After making headlines now questions are being asked whether the hype created about cyber attack by DDoS against Spamhaus was real or otherwise.
And most believe it wasn't like a mother of all cyber attack of history.
Computer World reports that the massive distributed denial-of-service (DDoS) attack on Spamhaus, which has many enemies as it seeks to stop Internet spam, was though a stunning event in that at some point the DDoS attack reached 300 billion bits per second, which likely does make it the most intense DDoS attack in history in terms of sheer speed.
But when many in the media somehow ended up reporting that this DDoS attack last week caused a global slowdown, that was simply wrong, says Keynote Systems, which does global monitoring of websites for performance.

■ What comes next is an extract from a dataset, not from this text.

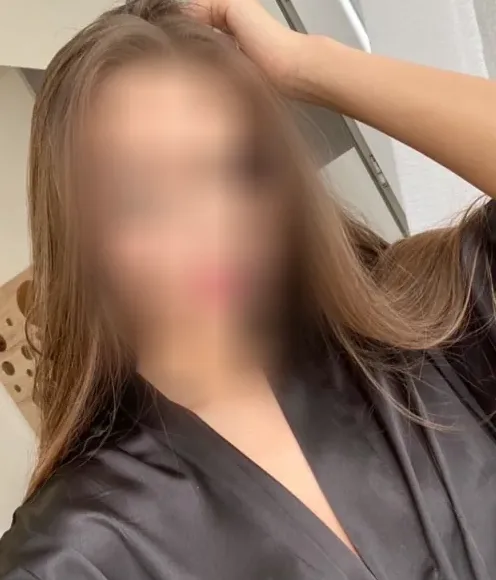 Viktoria, 32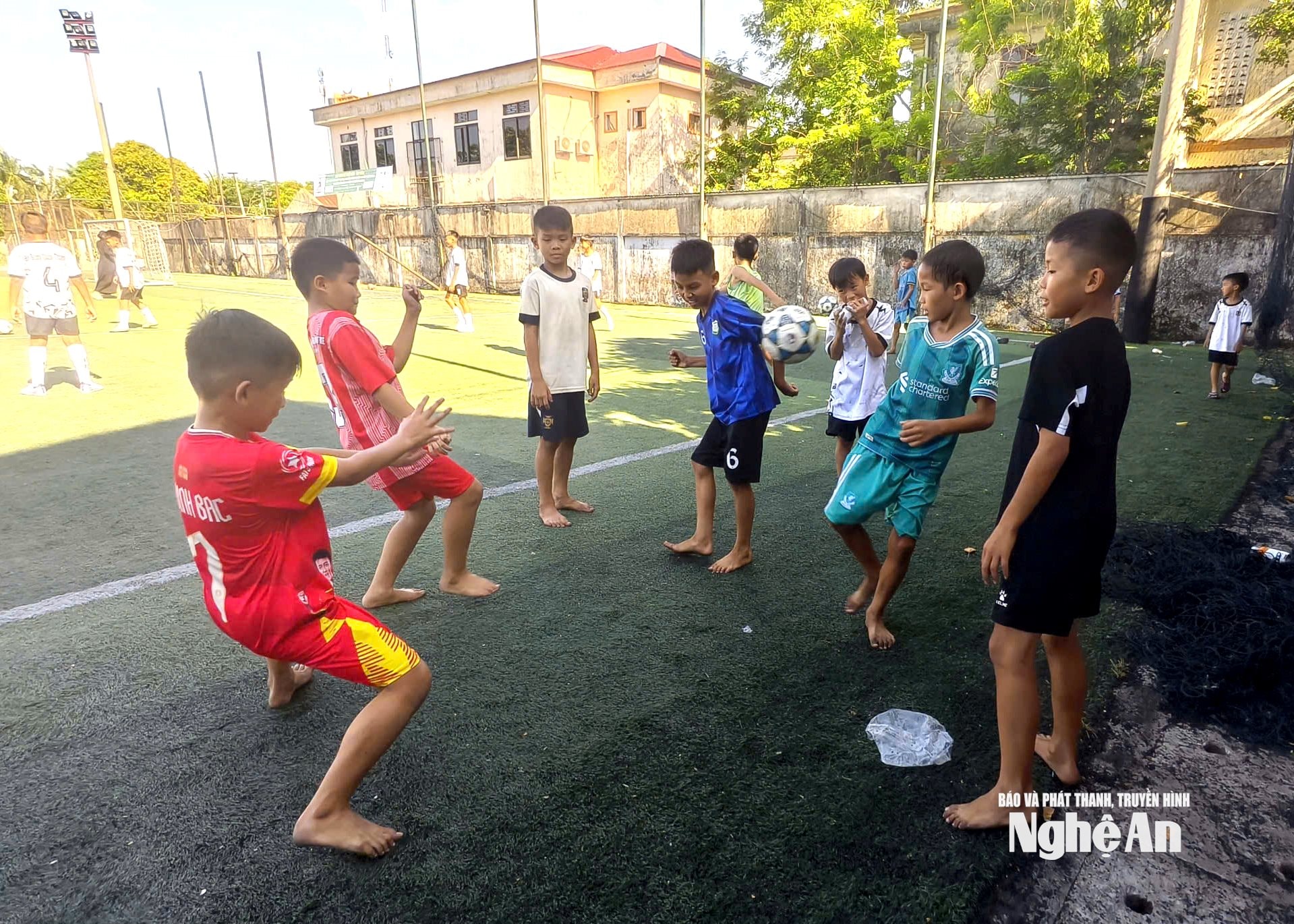 bên lề sân cỏ ngày 7:6 Ảnh Diệp Thanh4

The hundreds of websites that Keynote monitors showed no performance changes that were out of the ordinary at all, says Aaron Rudger, senior market manager at Keynote, which went back and closely compared U.S. Web performance to European performance to see if it could find evidence to support all these Internet slowdown assertions heard in both the European and U.S. the media.
There was simply nothing to be found that jumps out as unusual at all, except for on March 26, average website response time for users in the cities of Stockholm, Amsterdam, London, Paris and Frankfurt slowed slightly to 2.4 seconds while the U.S. averaged 1.2 seconds.
Whether the DDoS attack against Spamhaus had anything to do with the slightly slower response time is uncertain, but it's not unusual to find some slower responses when certain events, such as soccer games occur, as there happened to be one on that day.